DATASET EXTRACT ::

::::::::::

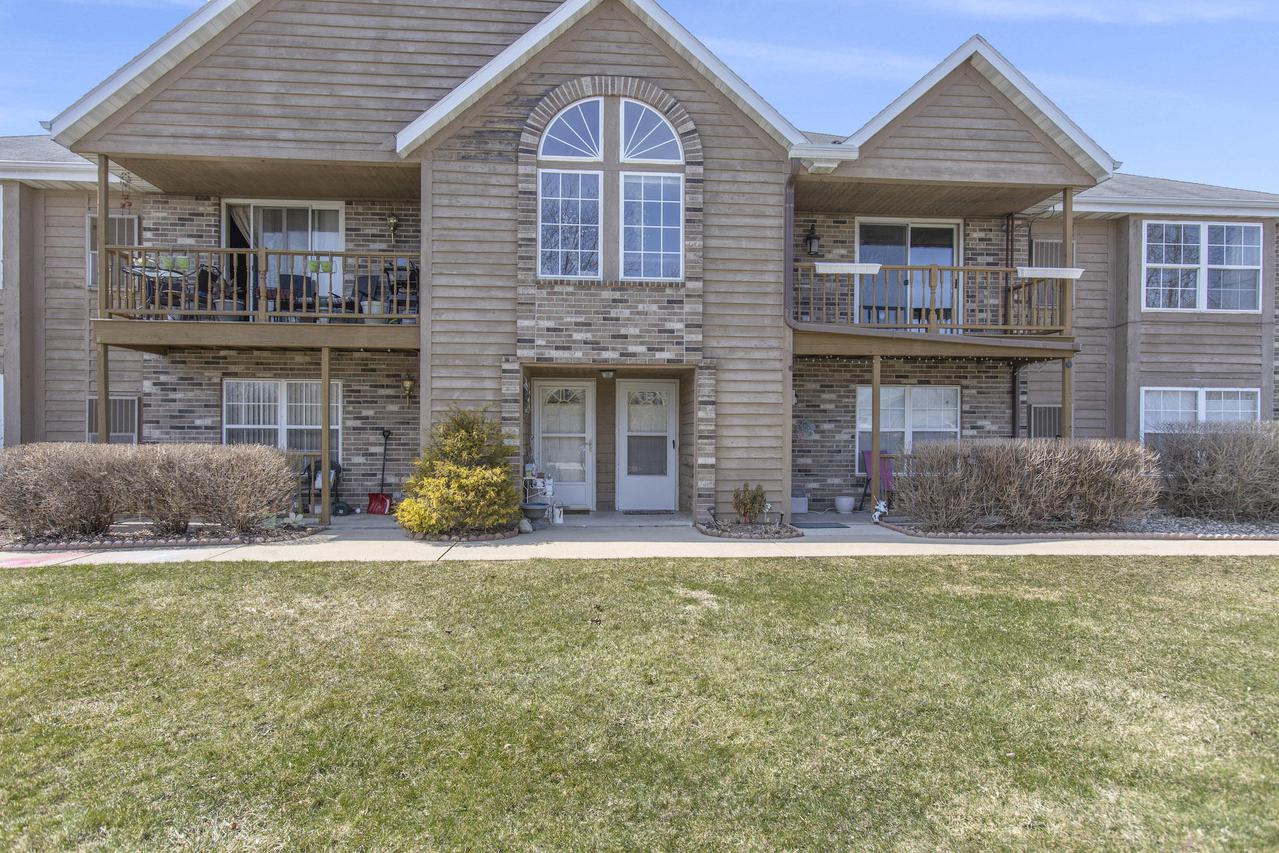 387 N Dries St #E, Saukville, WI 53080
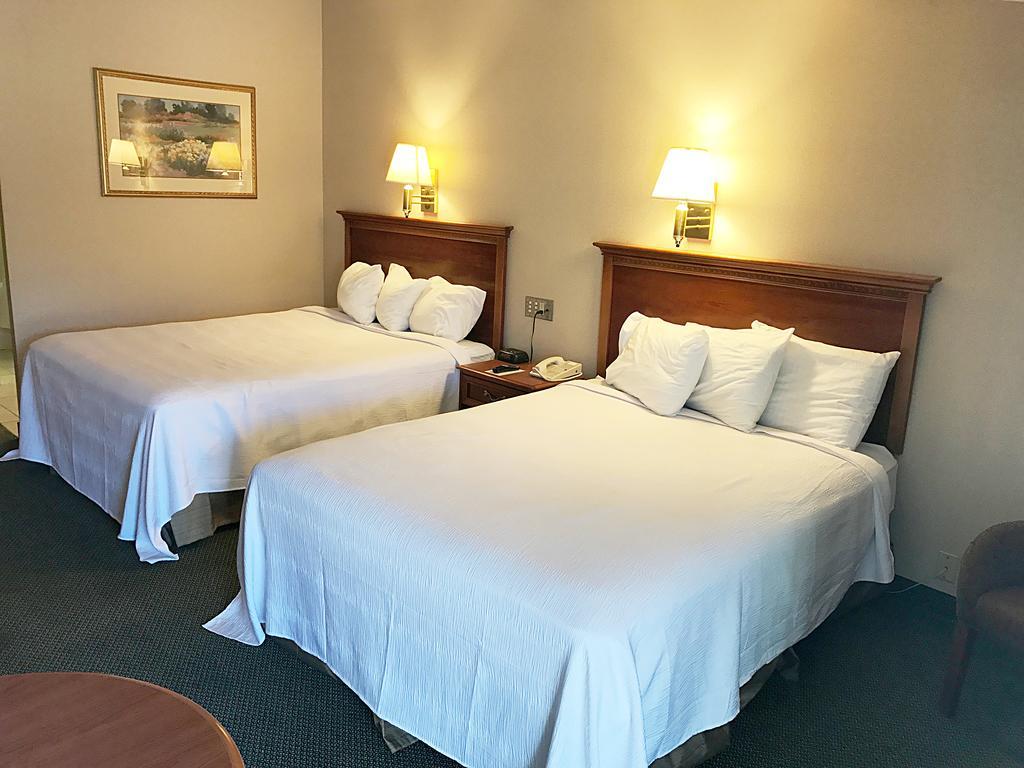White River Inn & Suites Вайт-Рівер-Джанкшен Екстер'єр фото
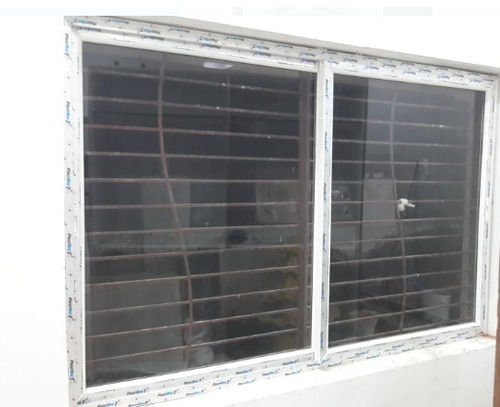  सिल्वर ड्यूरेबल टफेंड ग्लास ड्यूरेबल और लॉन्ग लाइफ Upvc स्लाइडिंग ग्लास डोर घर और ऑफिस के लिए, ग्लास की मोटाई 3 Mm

::::::::::

YOUR TASK ::
Make an exact reproduction of the listing above, without any pictures.

RESPONSE TO THIS EXERCISE ::
 387 N Dries St #E, Saukville, WI 53080
White River Inn & Suites Вайт-Рівер-Джанкшен Екстер'єр фото
  सिल्वर ड्यूरेबल टफेंड ग्लास ड्यूरेबल और लॉन्ग लाइफ Upvc स्लाइडिंग ग्लास डोर घर और ऑफिस के लिए, ग्लास की मोटाई 3 Mm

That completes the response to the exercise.